Lakefield thanked those employees who worked extra shifts during the weekend, then berated those who did not come to work. "For those few who did not want to do their job, I am dumbfounded by their motivation and rationale," he said in the memo.

Christopher L. Chiames, a US Airways spokesman, yesterday said "a couple of work groups" -- flight attendants and baggage handlers in Philadelphia -- called in sick at about two to three times the normal rate.


Baggage claim tags pile up on the windowsill near the US Airways customer service office in Philadelphia on Saturday. (Jacqueline Larma -- AP)

R. Thomas Buffenbarger, international president of the International Association of Machinists and Aerospace Workers, which represents the baggage handlers, said no sickout was organized by the union. "We would never do anything, especially at this time of the year, that would precipitate this kind of situation," he said.

The problem, he said, was inadequate staffing in Philadelphia, which is a major hub for the airline. He said that 100 to 180 baggage workers had been laid off in recent weeks. Buffenbarger said the union had tried to warn the airline since Thanksgiving, but "nobody wanted to listen," adding, "They just wanted to talk about more wage cuts and give-backs."

Chiames said that the airline had not furloughed any employees in Philadelphia but that many jobs were lost through attrition. He said the carrier is trying to hire new employees as fast as it can.

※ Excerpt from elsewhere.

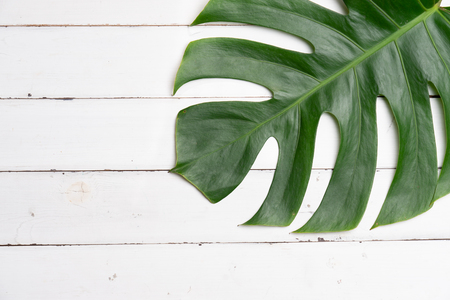 Aromatherapy  product  Spa set, flat lay composition.Tropical leaf concept style., massage with pink background. top view. Monstera leaves template, tropical summer fashion background.の写真素材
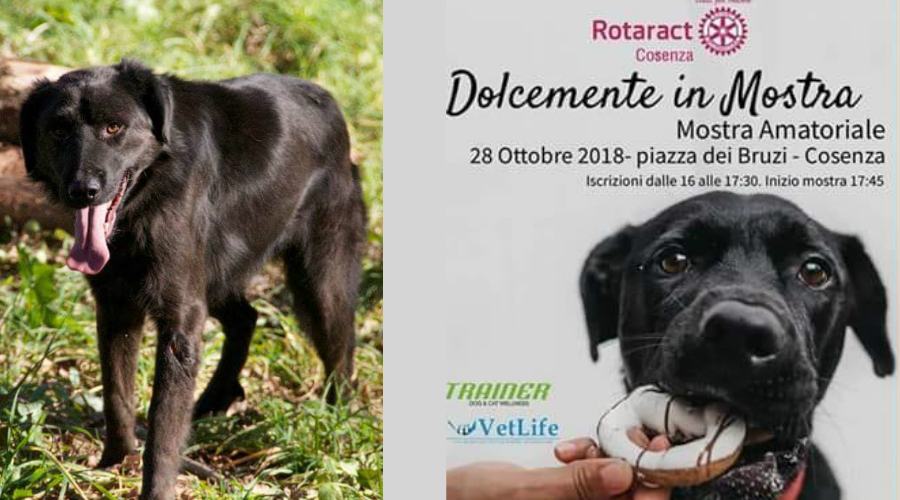 Poro e mostra invisibili festa ciocc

The weekend disruption comes at a critical time for US Airways, which filed for bankruptcy protection in September, the second time in two years. Just before Christmas, the airline had won a 13 percent pay cut from its reservation and gate agents, but it still needed concessions from its flight attendants and machinists. The company has said that without immediate labor cuts, liquidation could begin by mid-January.

Some believe this weekend's difficulties were a sign that workers had begun translating their grievances into retaliation. Robert Bruno, professor of labor and industrial relations at the University of Illinois, said the workers may believe the system is failing them and that all they have left is "some form of resistance that sends a message to the company and maybe to the union that their cutoff point is coming."

Travel experts and some industry analysts said the bad publicity could be the final blow for the airline, with passengers deserting it for other carriers.

"I think this was liquidation weekend for US Airways," said Terry Trippler, president of the travel information company that publishes the Web site TerryTrippler.com. "You can blame anybody you want to blame, but this is when the airline completely collapsed." Trippler said he would consider buying a ticket on the airline for the next couple of months, but beyond that, "I would be worried about my money."

Michael Boyd, an aviation consultant, called the weekend's events the equivalent of a "torpedo fired from within."

Yet the dire predictions were not unanimous. Glenn Engel, an airline analyst at Goldman Sachs, said "everybody knows that airline customers are amazingly disloyal. They go wherever the low fare is." If a flight is canceled or a bag lost, customers will hate the airline for a while, until another one loses the bags or cancels flights, he said. "Then you hate someone else," said Engel whose company's clients includes several airlines, including US Airways.

Engel said liquidation of an airline is very difficult because there are "so many stakeholders with vested interests to keep it alive," including its major creditors and suppliers, labor unions that want to preserve jobs and local governments that want to keep flights into their cities.

"Airlines may not create a lot of value for shareholders, but they do for other constituents who want them to survive. That's why they are so hard to kill," Engel said.